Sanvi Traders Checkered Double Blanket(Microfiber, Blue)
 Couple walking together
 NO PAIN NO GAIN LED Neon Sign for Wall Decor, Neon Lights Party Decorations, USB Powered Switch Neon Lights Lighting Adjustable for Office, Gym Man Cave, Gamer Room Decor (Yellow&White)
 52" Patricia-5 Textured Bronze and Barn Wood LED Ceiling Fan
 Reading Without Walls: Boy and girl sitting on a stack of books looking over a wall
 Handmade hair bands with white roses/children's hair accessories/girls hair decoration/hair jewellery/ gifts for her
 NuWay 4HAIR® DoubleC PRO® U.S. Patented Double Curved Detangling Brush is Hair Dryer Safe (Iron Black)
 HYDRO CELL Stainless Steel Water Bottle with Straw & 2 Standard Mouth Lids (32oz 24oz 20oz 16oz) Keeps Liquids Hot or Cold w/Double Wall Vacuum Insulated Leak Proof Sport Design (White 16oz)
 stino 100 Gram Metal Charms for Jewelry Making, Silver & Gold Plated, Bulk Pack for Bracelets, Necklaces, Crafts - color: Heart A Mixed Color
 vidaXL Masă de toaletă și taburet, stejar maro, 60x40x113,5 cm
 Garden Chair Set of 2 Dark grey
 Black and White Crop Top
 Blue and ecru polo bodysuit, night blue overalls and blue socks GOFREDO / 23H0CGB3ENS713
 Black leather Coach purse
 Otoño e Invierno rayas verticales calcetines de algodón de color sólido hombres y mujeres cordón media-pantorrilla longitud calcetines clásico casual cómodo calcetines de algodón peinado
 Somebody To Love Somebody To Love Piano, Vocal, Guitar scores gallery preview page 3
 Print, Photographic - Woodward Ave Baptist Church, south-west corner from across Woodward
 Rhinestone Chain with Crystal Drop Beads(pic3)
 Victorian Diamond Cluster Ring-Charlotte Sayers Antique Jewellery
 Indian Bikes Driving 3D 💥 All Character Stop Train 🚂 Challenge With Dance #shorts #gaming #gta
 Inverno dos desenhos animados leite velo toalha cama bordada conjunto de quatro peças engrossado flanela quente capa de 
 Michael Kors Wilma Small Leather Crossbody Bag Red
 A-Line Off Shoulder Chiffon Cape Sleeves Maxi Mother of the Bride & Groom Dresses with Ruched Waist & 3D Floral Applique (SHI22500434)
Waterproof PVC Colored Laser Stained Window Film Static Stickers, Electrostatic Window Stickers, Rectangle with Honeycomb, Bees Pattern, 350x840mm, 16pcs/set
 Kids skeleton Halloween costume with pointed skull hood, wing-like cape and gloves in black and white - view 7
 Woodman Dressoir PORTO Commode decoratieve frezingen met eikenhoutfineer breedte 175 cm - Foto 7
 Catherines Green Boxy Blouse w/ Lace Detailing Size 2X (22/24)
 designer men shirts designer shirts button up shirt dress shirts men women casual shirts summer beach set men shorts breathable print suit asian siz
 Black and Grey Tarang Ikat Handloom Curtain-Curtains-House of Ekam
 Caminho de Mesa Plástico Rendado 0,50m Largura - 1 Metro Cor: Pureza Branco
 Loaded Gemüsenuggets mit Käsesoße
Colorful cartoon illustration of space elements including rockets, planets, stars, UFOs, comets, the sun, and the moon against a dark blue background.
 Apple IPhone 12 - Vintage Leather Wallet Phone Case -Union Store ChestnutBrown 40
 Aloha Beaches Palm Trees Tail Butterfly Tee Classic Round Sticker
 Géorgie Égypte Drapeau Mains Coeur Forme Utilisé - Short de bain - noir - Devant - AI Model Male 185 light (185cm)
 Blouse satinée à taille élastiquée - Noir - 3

....

ABOUT THIS TASK ▸ Retype the listing above in full, with no alterations.

THE COMPLETED TASK ▸
Sanvi Traders Checkered Double Blanket(Microfiber, Blue)
 Couple walking together
 NO PAIN NO GAIN LED Neon Sign for Wall Decor, Neon Lights Party Decorations, USB Powered Switch Neon Lights Lighting Adjustable for Office, Gym Man Cave, Gamer Room Decor (Yellow&White)
 52" Patricia-5 Textured Bronze and Barn Wood LED Ceiling Fan
 Reading Without Walls: Boy and girl sitting on a stack of books looking over a wall
 Handmade hair bands with white roses/children's hair accessories/girls hair decoration/hair jewellery/ gifts for her
 NuWay 4HAIR® DoubleC PRO® U.S. Patented Double Curved Detangling Brush is Hair Dryer Safe (Iron Black)
 HYDRO CELL Stainless Steel Water Bottle with Straw & 2 Standard Mouth Lids (32oz 24oz 20oz 16oz) Keeps Liquids Hot or Cold w/Double Wall Vacuum Insulated Leak Proof Sport Design (White 16oz)
 stino 100 Gram Metal Charms for Jewelry Making, Silver & Gold Plated, Bulk Pack for Bracelets, Necklaces, Crafts - color: Heart A Mixed Color
 vidaXL Masă de toaletă și taburet, stejar maro, 60x40x113,5 cm
 Garden Chair Set of 2 Dark grey
 Black and White Crop Top
 Blue and ecru polo bodysuit, night blue overalls and blue socks GOFREDO / 23H0CGB3ENS713
 Black leather Coach purse
 Otoño e Invierno rayas verticales calcetines de algodón de color sólido hombres y mujeres cordón media-pantorrilla longitud calcetines clásico casual cómodo calcetines de algodón peinado
 Somebody To Love Somebody To Love Piano, Vocal, Guitar scores gallery preview page 3
 Print, Photographic - Woodward Ave Baptist Church, south-west corner from across Woodward
 Rhinestone Chain with Crystal Drop Beads(pic3)
 Victorian Diamond Cluster Ring-Charlotte Sayers Antique Jewellery
 Indian Bikes Driving 3D 💥 All Character Stop Train 🚂 Challenge With Dance #shorts #gaming #gta
 Inverno dos desenhos animados leite velo toalha cama bordada conjunto de quatro peças engrossado flanela quente capa de 
 Michael Kors Wilma Small Leather Crossbody Bag Red
 A-Line Off Shoulder Chiffon Cape Sleeves Maxi Mother of the Bride & Groom Dresses with Ruched Waist & 3D Floral Applique (SHI22500434)
Waterproof PVC Colored Laser Stained Window Film Static Stickers, Electrostatic Window Stickers, Rectangle with Honeycomb, Bees Pattern, 350x840mm, 16pcs/set
 Kids skeleton Halloween costume with pointed skull hood, wing-like cape and gloves in black and white - view 7
 Woodman Dressoir PORTO Commode decoratieve frezingen met eikenhoutfineer breedte 175 cm - Foto 7
 Catherines Green Boxy Blouse w/ Lace Detailing Size 2X (22/24)
 designer men shirts designer shirts button up shirt dress shirts men women casual shirts summer beach set men shorts breathable print suit asian siz
 Black and Grey Tarang Ikat Handloom Curtain-Curtains-House of Ekam
 Caminho de Mesa Plástico Rendado 0,50m Largura - 1 Metro Cor: Pureza Branco
 Loaded Gemüsenuggets mit Käsesoße
Colorful cartoon illustration of space elements including rockets, planets, stars, UFOs, comets, the sun, and the moon against a dark blue background.
 Apple IPhone 12 - Vintage Leather Wallet Phone Case -Union Store ChestnutBrown 40
 Aloha Beaches Palm Trees Tail Butterfly Tee Classic Round Sticker
 Géorgie Égypte Drapeau Mains Coeur Forme Utilisé - Short de bain - noir - Devant - AI Model Male 185 light (185cm)
 Blouse satinée à taille élastiquée - Noir - 3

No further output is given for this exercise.